* _Information shown_:
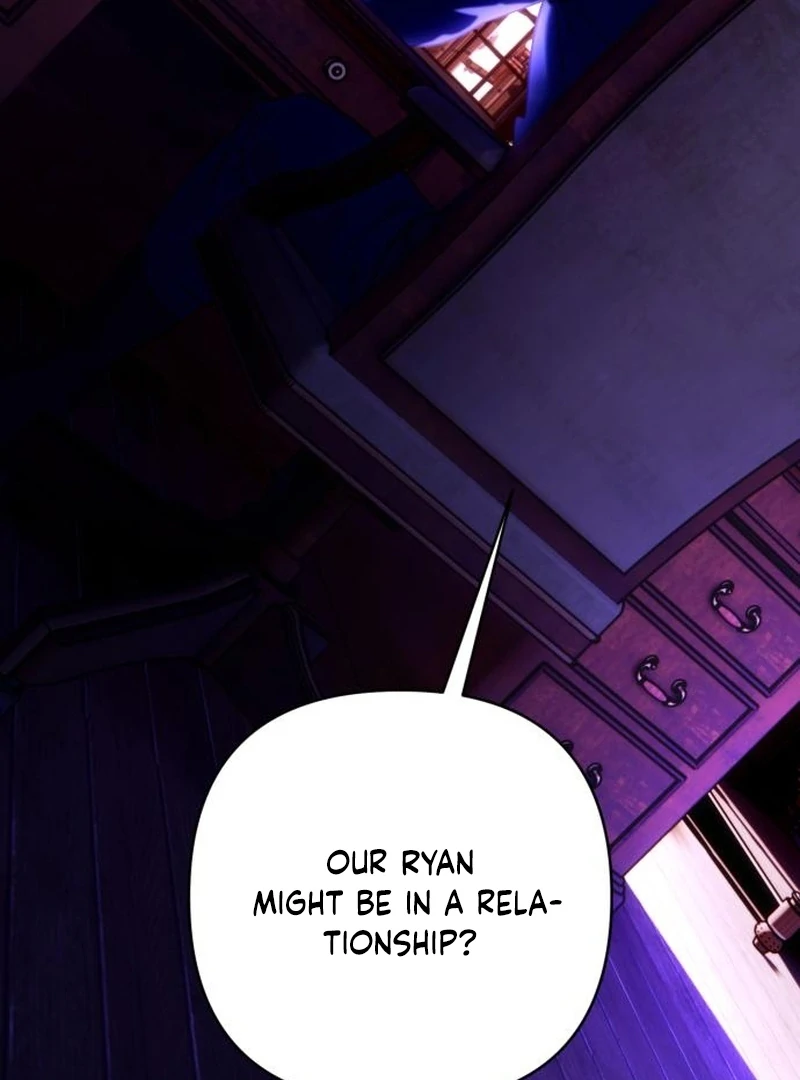 Your Ryan chapter 12 page 5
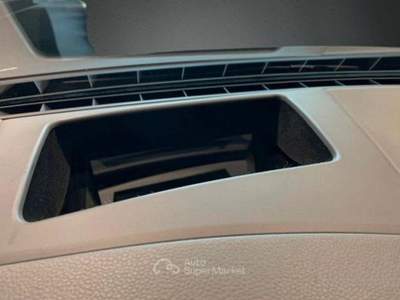 Porsche Cayenne Coupé 3.0 V6 E-Hybrid Platinum E usata CITTADELLA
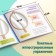 The book "Articulating Gymnastics. My home speech therapist "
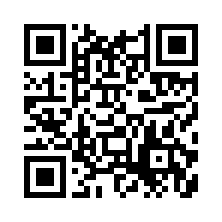 QR Code for 1DerpTDAXvFc5CXJHe3ft453jSfy7UaffL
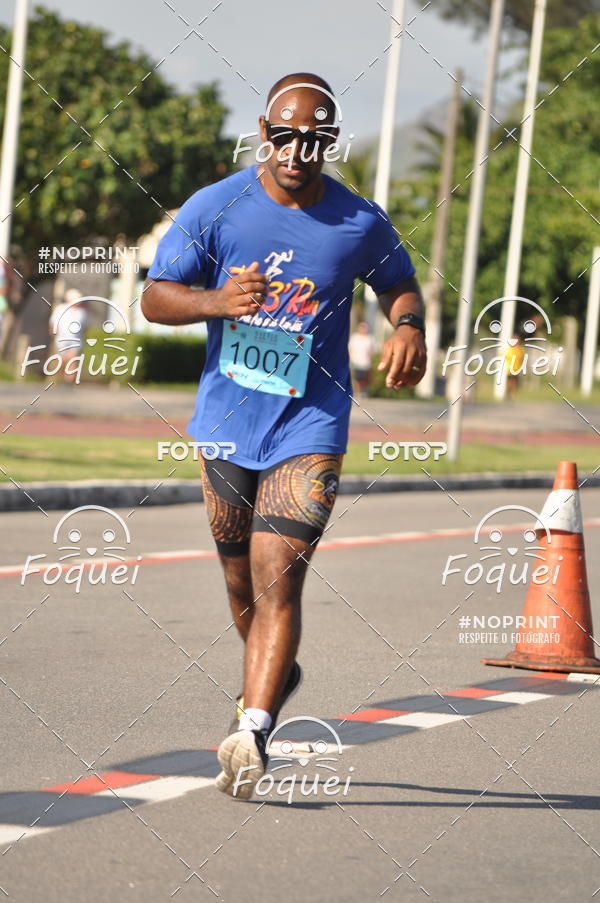 Compra tus fotos del evento21KES - Meia Maratona do Esprito Santo En Fotop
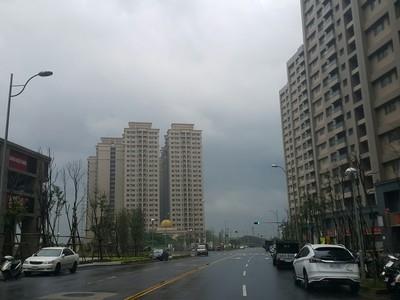 桃園法拍法拍屋-5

* _Task prompt_:
Reproduce, exactly and without pictures, the lines above from the one containing "Porsche Cayenne Coupé" through the last line of the material, both ends included, and nothing more.

* _Response for this exercise_:
 Porsche Cayenne Coupé 3.0 V6 E-Hybrid Platinum E usata CITTADELLA
 The book "Articulating Gymnastics. My home speech therapist "
 QR Code for 1DerpTDAXvFc5CXJHe3ft453jSfy7UaffL
 Compra tus fotos del evento21KES - Meia Maratona do Esprito Santo En Fotop
 桃園法拍法拍屋-5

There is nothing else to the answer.